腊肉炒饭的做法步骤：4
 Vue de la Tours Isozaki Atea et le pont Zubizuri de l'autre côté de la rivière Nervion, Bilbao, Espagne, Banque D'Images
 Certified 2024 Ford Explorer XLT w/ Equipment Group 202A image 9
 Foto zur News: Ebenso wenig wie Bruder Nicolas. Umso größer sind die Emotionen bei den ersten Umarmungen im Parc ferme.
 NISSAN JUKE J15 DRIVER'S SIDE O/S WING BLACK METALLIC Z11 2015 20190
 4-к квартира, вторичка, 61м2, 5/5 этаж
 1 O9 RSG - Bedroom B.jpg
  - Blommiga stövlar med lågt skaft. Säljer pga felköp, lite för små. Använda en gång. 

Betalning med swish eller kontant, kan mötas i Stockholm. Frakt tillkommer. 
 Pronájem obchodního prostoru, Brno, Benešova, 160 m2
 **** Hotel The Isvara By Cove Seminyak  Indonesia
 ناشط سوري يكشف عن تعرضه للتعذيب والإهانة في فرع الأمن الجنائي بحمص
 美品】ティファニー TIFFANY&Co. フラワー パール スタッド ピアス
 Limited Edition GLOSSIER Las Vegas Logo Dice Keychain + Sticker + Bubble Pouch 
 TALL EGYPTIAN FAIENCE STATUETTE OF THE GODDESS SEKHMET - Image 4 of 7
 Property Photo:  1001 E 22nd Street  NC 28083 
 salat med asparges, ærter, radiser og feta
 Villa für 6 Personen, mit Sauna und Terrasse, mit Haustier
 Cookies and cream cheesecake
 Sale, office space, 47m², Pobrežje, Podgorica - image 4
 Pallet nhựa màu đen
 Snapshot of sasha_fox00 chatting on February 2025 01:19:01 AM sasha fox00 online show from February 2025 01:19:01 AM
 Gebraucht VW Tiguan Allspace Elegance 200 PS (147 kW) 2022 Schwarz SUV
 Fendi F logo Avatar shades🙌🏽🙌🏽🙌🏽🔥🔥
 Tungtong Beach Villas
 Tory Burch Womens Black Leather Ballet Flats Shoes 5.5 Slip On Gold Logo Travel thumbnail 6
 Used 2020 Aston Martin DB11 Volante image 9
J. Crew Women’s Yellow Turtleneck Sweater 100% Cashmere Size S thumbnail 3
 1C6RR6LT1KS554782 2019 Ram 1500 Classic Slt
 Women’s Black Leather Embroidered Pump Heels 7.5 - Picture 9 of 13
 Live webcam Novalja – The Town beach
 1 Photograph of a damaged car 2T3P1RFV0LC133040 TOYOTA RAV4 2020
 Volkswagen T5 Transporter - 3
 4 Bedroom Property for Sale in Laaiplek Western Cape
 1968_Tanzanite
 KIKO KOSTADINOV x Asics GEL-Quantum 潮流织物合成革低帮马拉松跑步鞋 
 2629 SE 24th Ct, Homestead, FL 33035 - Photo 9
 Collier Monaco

• • • • •

Look through the entries, and return every line that the word "Property" appears in.

 Property Photo:  1001 E 22nd Street  NC 28083 
 4 Bedroom Property for Sale in Laaiplek Western Cape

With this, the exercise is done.